(Cio Mag) – Les deux alertes sur la monnaie électronique que présente le Groupe d’action contre le blanchiment d’argent en Afrique centrale (Gabac) dans un rapport qu’il vient de publier parlent des “risques liés à l’identification de la clientèle”. Elle porte sur ” les nouveaux moyens de paiement face aux défis de la lutte anti-blanchiment et contre le financement du terrorisme dans la zone Cemac” et les “risques liés à l’authenticité des documents d’identification”. Deux préoccupations importantes que relève le Gabac sur les blanchiments d’argent à travers le Mobile Money.
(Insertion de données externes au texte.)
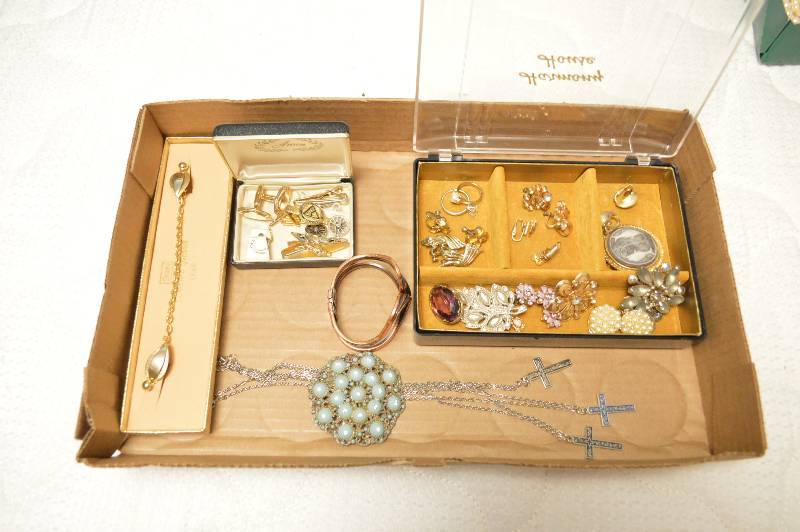 lot 1564 image: Misc Costume Jewelry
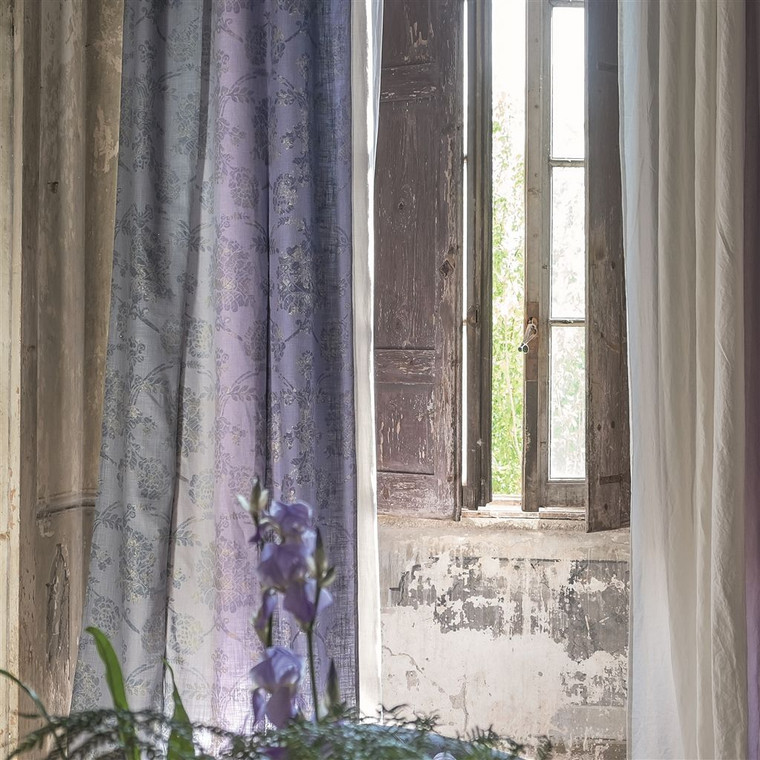 Designers Guild Madhuri Fabric  Damask,Floral,Patterned Sukumala Fabric Styled Room Shot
Car, selon le Gabac, l’absence d’un dispositif efficace de vérification de l’authenticité des pièces d’identité par les opérateurs de téléphonie mobile constitue une forte limite à la prévention des risques de blanchiment d’argent et de financement du terrorisme. D’autant que, chez plusieurs opérateurs de téléphonie mobile, l’utilisation du Mobile Money est possible dès l’identification du client et non après vérification de l’authenticité de sa pièce d’identité. Dans ces structures, c’est assez souvent la copie de cette pièce qui est présentée et la vérification de l’authenticité du document d’identité d’origine est alors impossible à réaliser. D’où l’inquiétude du Gabac à propos des risques de blanchiment d’argent et de financement de terrorisme liées à la clientèle. « Ce risque peut se produire sous la forme d’un virement classique ayant une origine ou une destination criminelle (par exemple, le financement du terrorisme). Les opérations peuvent servir à transférer des fonds entre complices, ou à les transférer vers d’autres pays dont les juridictions ont des réglementations moins lourdes, où les fonds peuvent être utilisés pour financer d’autres activités criminelles », craint le Gabac.
En ce qui concerne la seconde alerte sur les ” risques afférents à la réalisation des opérations”, le Gabac identifie ici ceux liés aux commerçants. Et pour cause, ces personnes peuvent recevoir des montants substantiels de paiement et les faire apparaître comme le produit légitime de leur activité (cela pouvant comprendre l’intégration de fonds). « Les commerçants peuvent être des criminels eux-mêmes, escroquant leur clientèle, ou servant de façade pour le blanchiment du produit des activités de leurs complices, se faisant passer eux-mêmes pour des clients », indique le rapport du Gabac.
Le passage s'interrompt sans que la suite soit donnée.